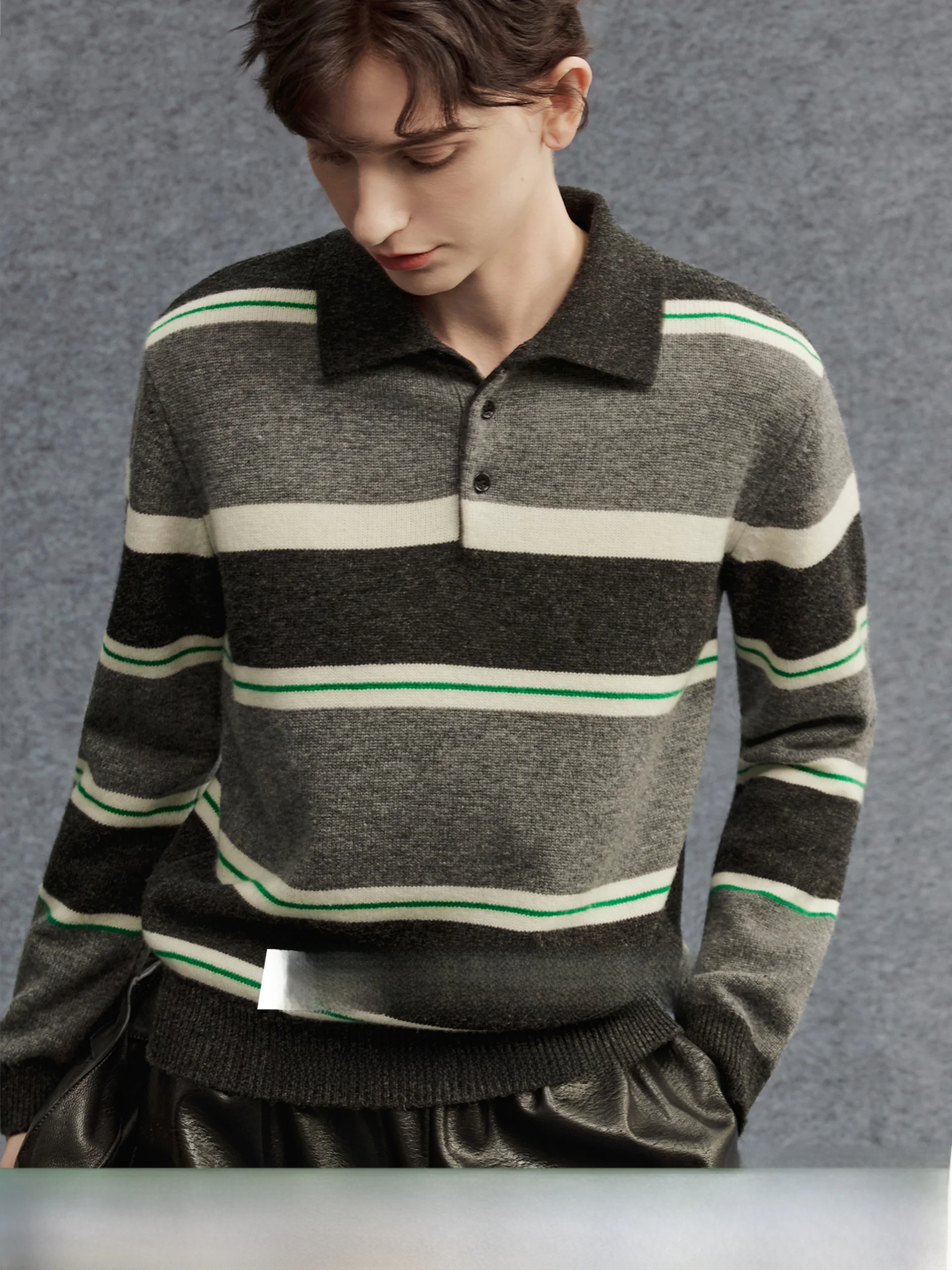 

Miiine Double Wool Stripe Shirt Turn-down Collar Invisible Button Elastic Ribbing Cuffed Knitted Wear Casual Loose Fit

* * *

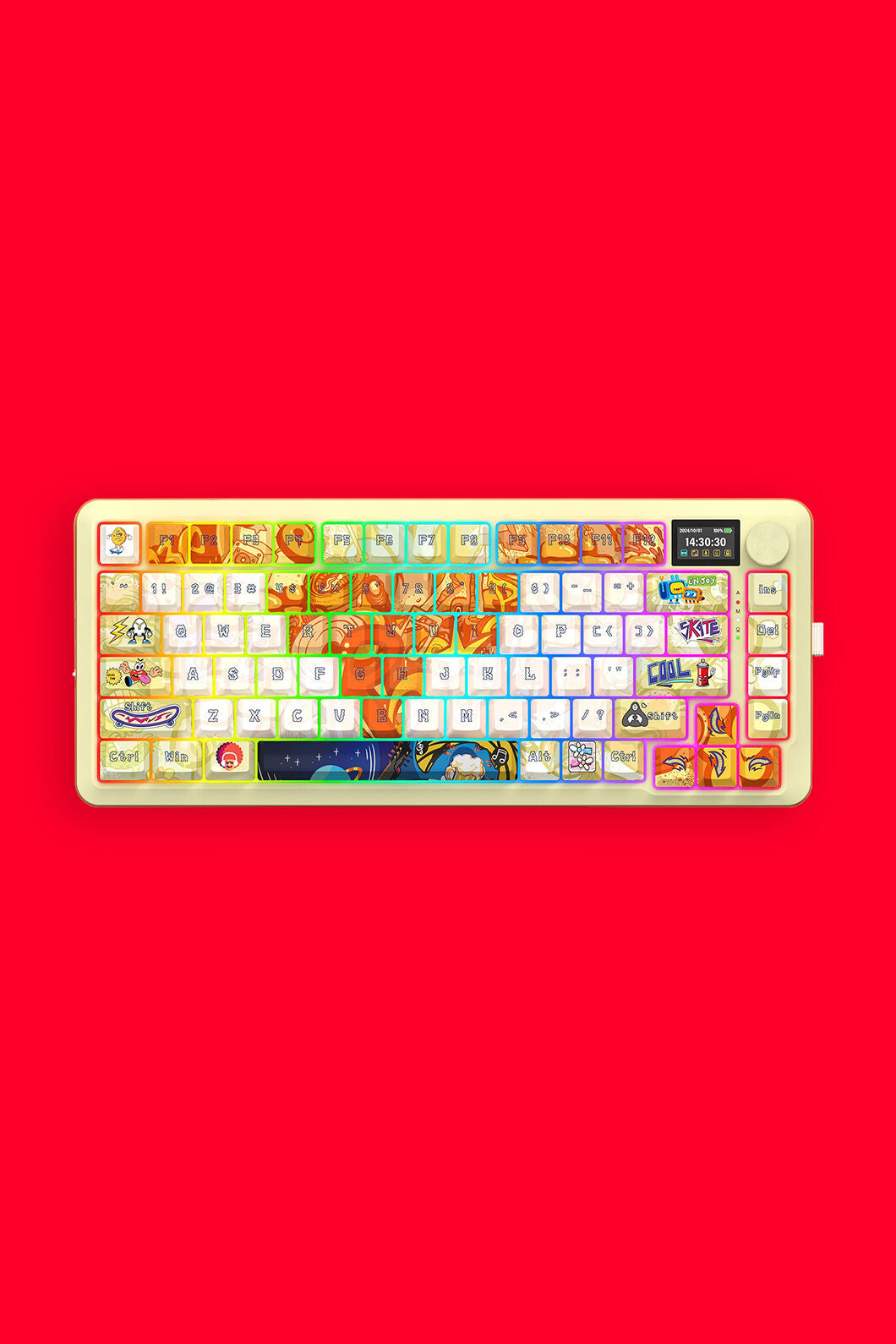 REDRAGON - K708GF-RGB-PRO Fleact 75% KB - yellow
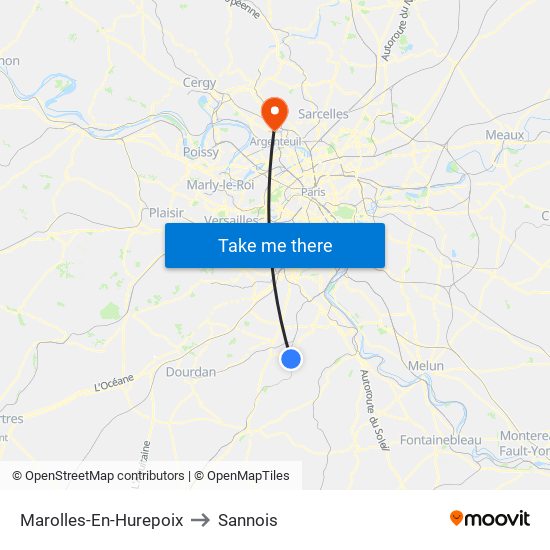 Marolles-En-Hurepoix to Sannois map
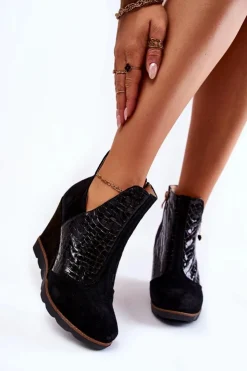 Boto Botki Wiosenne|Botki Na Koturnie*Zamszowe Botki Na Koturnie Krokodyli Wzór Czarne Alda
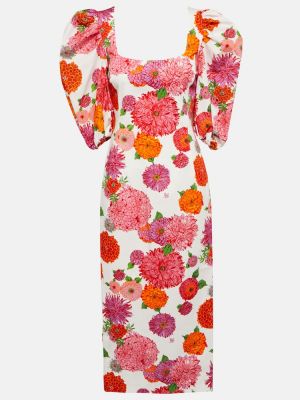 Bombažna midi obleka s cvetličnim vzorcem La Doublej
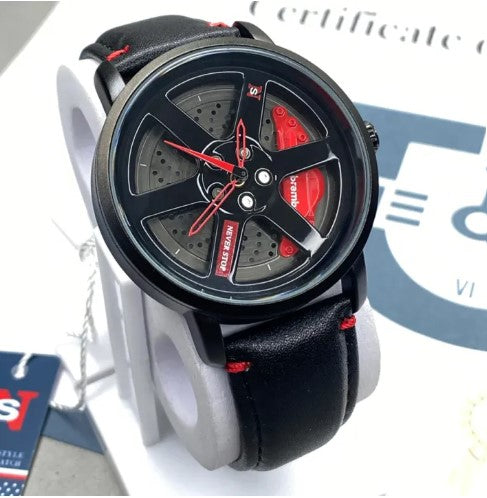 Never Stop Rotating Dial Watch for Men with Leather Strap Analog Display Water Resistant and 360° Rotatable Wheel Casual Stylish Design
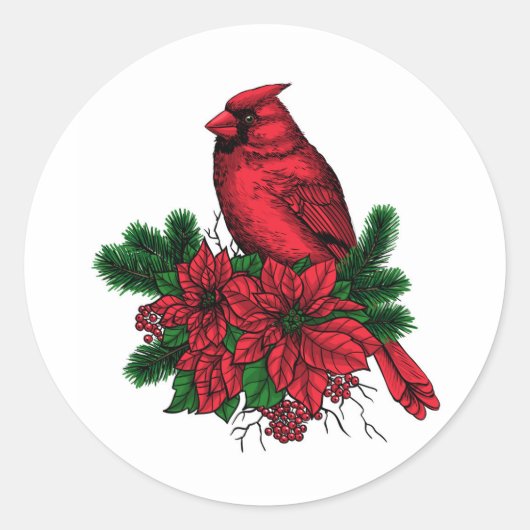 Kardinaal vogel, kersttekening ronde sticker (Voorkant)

---

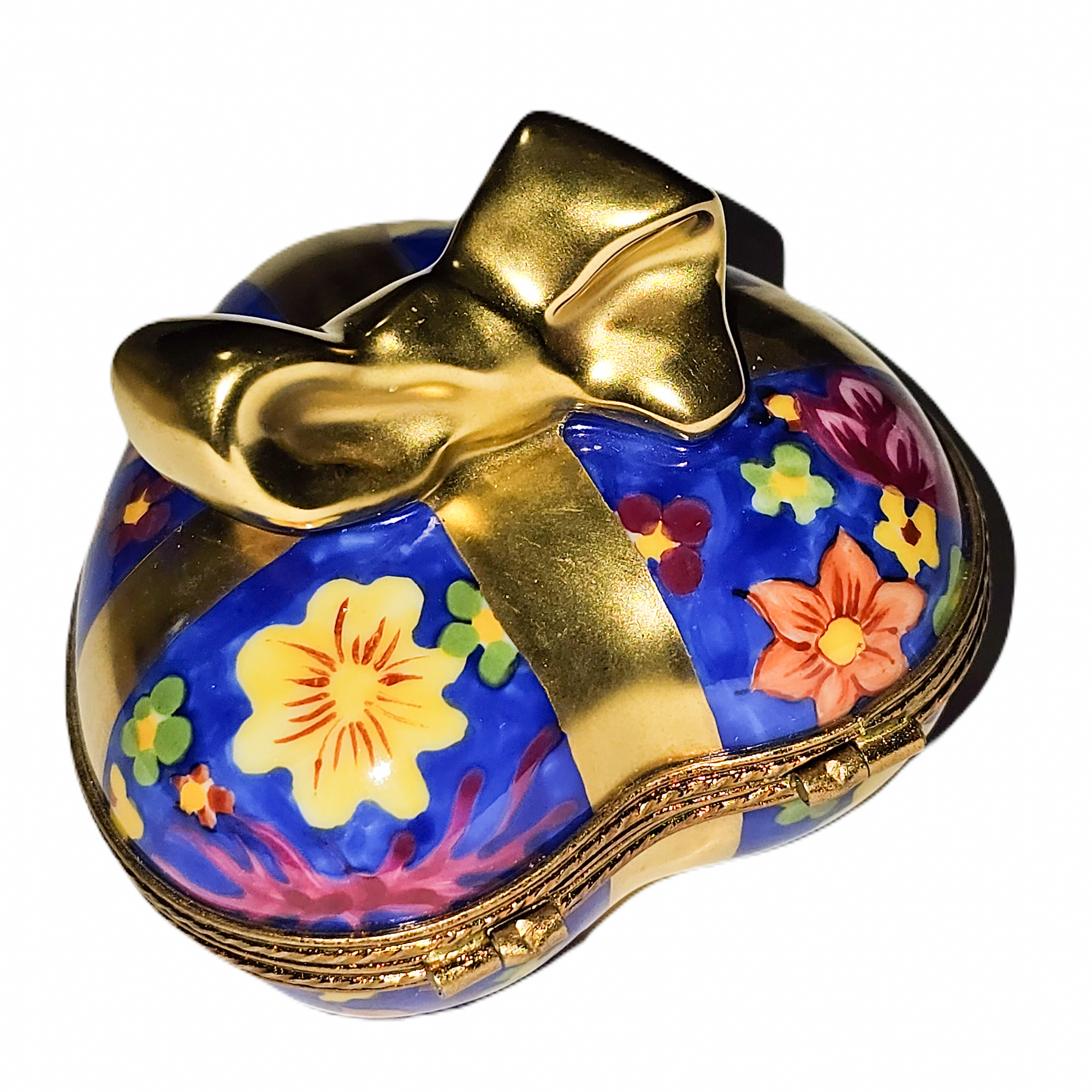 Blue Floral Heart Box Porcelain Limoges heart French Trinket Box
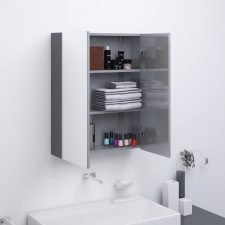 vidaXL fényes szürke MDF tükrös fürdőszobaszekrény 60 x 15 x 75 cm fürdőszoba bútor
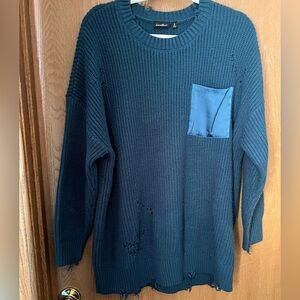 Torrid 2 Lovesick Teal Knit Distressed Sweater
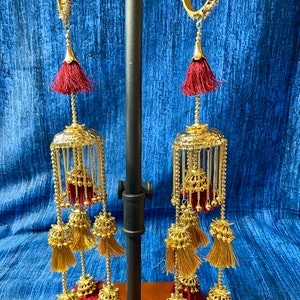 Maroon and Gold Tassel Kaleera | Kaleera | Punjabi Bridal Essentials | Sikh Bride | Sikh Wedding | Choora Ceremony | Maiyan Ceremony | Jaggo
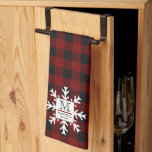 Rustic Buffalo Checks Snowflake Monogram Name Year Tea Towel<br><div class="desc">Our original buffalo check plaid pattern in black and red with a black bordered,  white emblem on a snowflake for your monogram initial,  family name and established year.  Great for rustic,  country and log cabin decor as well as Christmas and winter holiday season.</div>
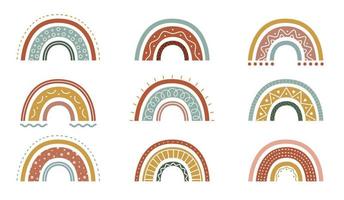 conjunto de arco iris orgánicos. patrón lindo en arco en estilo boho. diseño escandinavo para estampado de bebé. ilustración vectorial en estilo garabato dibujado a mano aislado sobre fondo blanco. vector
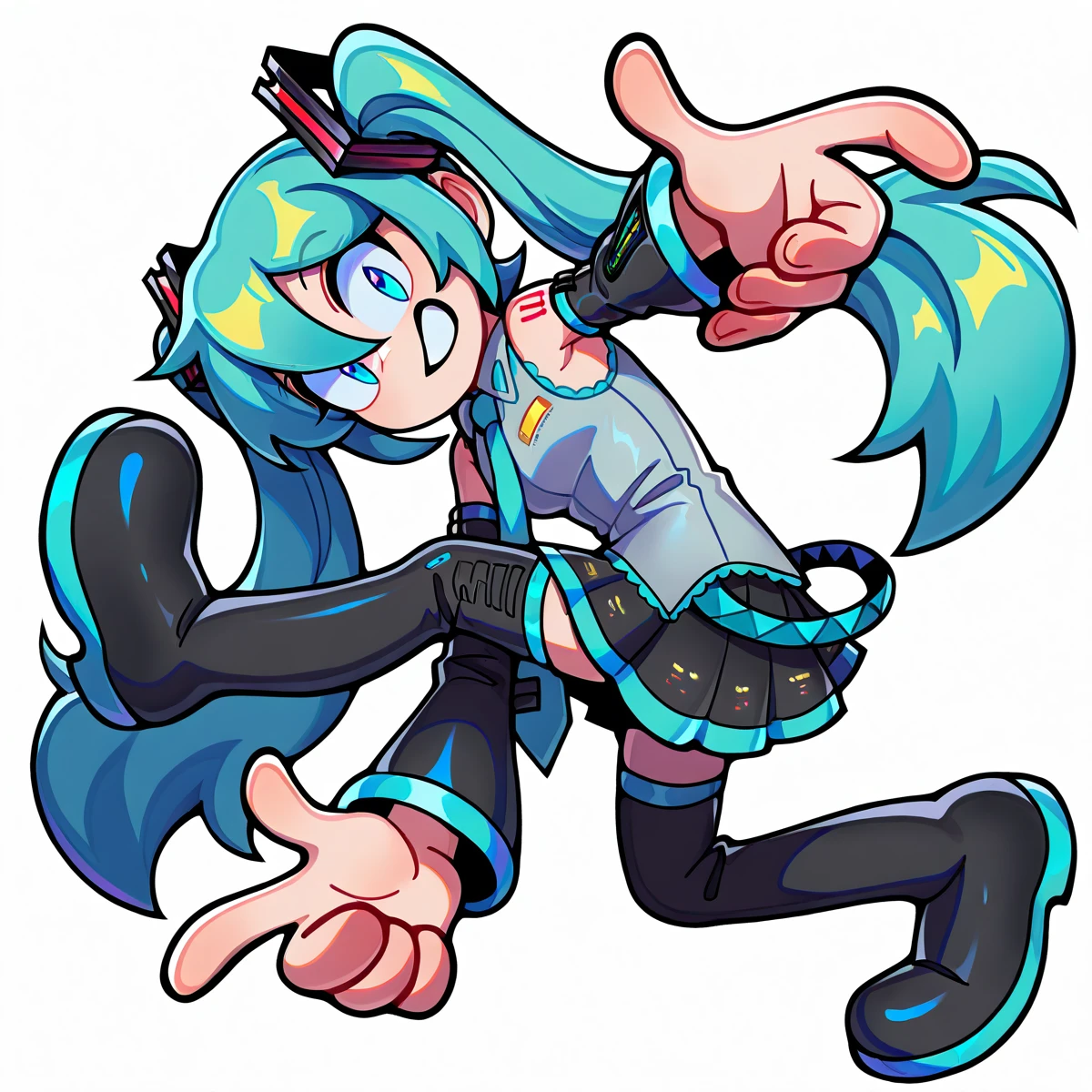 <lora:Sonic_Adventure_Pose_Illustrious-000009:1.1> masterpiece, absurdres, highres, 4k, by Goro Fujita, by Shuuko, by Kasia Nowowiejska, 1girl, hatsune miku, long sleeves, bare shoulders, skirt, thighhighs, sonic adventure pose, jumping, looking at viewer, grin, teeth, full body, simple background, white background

§ What to work on:
Beginning at the line above that contains "Never Stop Rotating" and going on through the line that contains "Kardinaal vogel, kersttekening", please copy every line exactly, leaving the pictures out and adding nothing.

§ Output for this exercise:
 Never Stop Rotating Dial Watch for Men with Leather Strap Analog Display Water Resistant and 360° Rotatable Wheel Casual Stylish Design
 Kardinaal vogel, kersttekening ronde sticker (Voorkant)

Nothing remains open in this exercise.